Le bassin était fertile. En 1963, quand les «Lions» dominaient la France en demi-finales des Jeux de l’Amitié (2-0), les «Bleus» n’étaient pas une équipe de troisième catégorie. Dans cette France «Amateurs», figuraient des professionnels de Division 1. Dont Georges Polny qui deviendra champion de France avec Saint-Etienne en 1964, 1967, 1968, 1969 et 1970.
L’avantage de ce Sénégal émergent, ce n’était pas seulement d’avoir des pratiquants de talent et des cadres. Il y avait aussi toute cette infrastructure sportive héritée de l’époque coloniale et certains vieux lycées comme Delafosse et Van Vollenhoven offraient des plateaux sportifs d’excellence. C’est dans ce dernier établissement, devenu Lamine Guèye, que Papa Gallo établit son premier record de France en 1948. C’est à Dakar aussi, où il enseignait l’éducation physique, que Malick Mbaye battit le record de France du triple saut en 1952, pour se retrouver ensuite aux Jeux olympiques d’Helsinki sous les couleurs de la France.
La domination du sport sénégalais sur l’Afrique occidentale française avait des bases évidentes. On était sur la rampe de l’émergence, l’élan en sera brisé. Quelque part, ce fut l’effet d’une rupture dans la politique progressiste. Car le contraire a donné ailleurs des résultats édifiants.

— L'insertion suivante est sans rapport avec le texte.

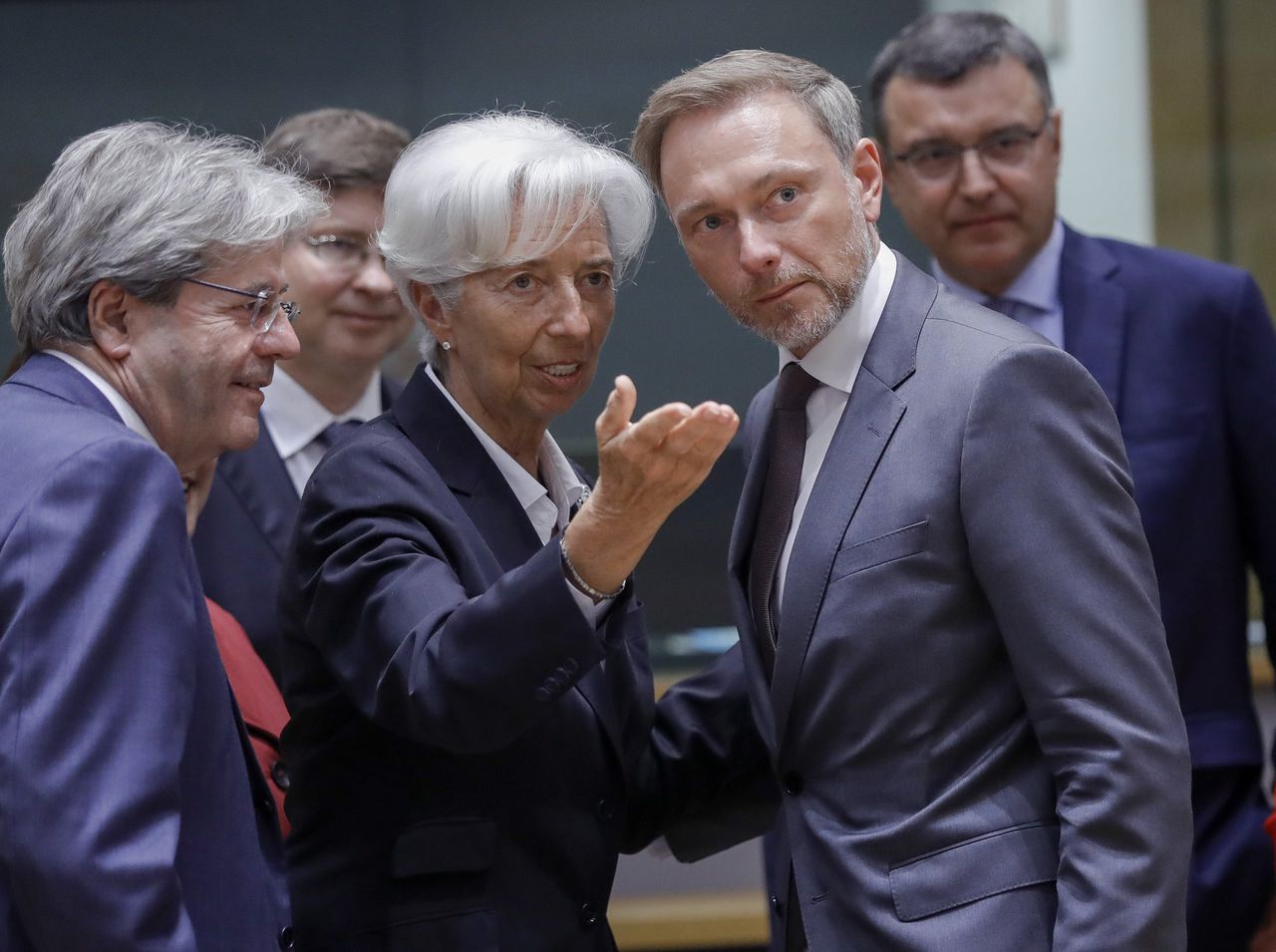 Eurocommissaris Paolo Gentiloni (Economie) (links), ECB-president Christine Lagarde en de Duitse minister van Financiën Christian Lindner in Brussel, 23 mei 2022.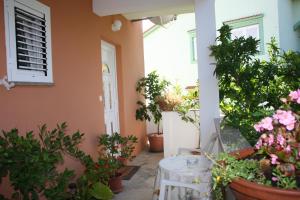 Zahrada ubytování Apartments Sandra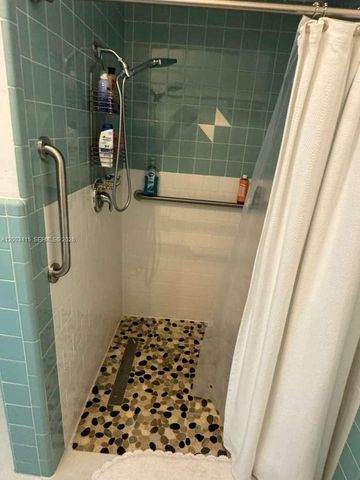 3600 SW 26th St 0, Miami, FL 33133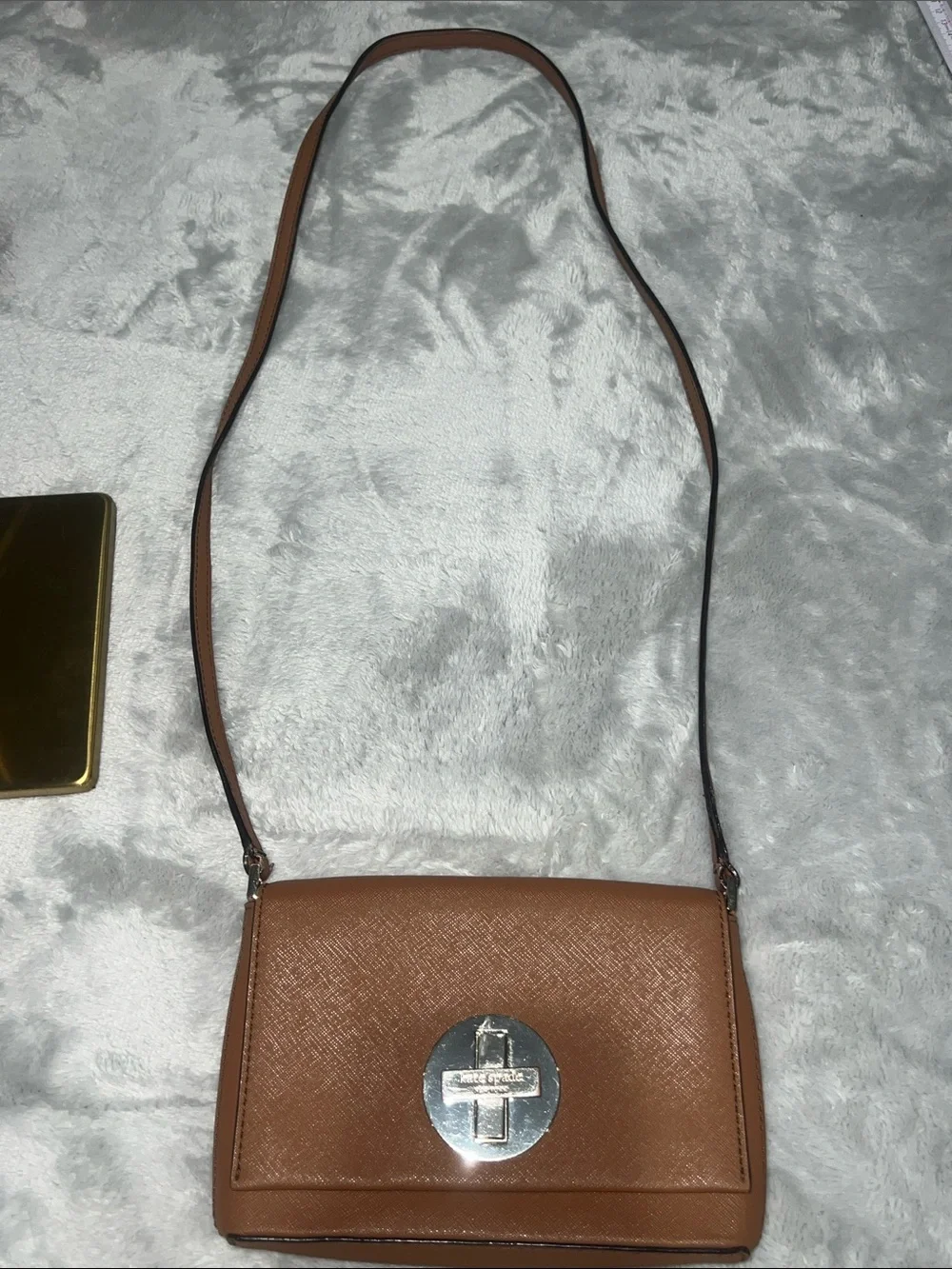 Kate Spade New York Naomi Leather Crossbody Bag in pebble brown with turn lock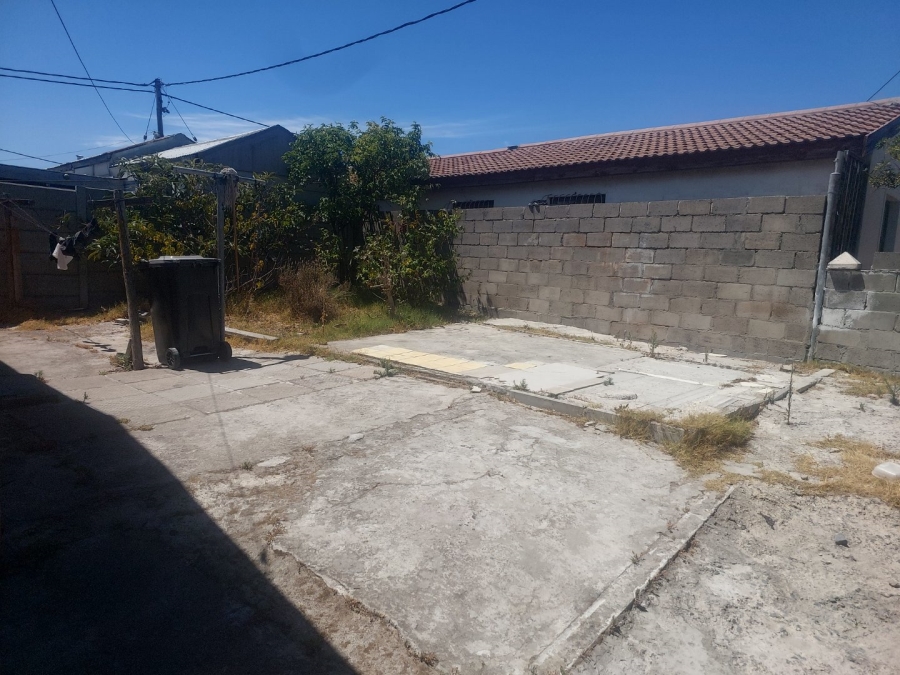 3 Bedroom Property for Sale in Roosendal Western Cape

Nkrumah, qui fit du «Black Star» l’étendard de son panafricanisme, donnera naissance au meilleur football d’Afrique dans les années 1960. Sous le Mali socialiste de Modibo Keïta, le Real de Bamako fut finaliste de la Coupe d’Afrique des clubs champions en 1966, avant que les «Aigles» ne disputent la finale de la Can en 1972. Avec Sékou Touré qui avait fait du «Sily» et du Hafia un des fers de lance de sa révolution, les années 1970 ont consacré une belle domination guinéenne sur l’Afrique.
Au Sénégal, la crise de 1962 emporta Mamadou Dia. Elle fut également fatale à son ami Alioune Tall, premier ministre des Sports du Sénégal indépendant. Tout comme à Alassane Ndiaye «Allou», mis au frigo pour «diaïsme». Ou encore Abdou Sèye et son esprit «rebelle» qui se retrouva hors-piste. Les politiques ont disserté sur cet épisode à l’envi, avec la trahison d’une trajectoire qui aurait pu mener le Sénégal vers d’autres lendemains. En sport aussi, on se retrouva avec une conception dont l’expression militante s’éteindra progressivement pour verser dans un ludisme généreux.
En 1962, René Dumont sortait son précieux livre L’Afrique noire est mal partie. C’était le Sénégal sous maints aspects. Il y a longtemps qu’on ratait l’émergeance.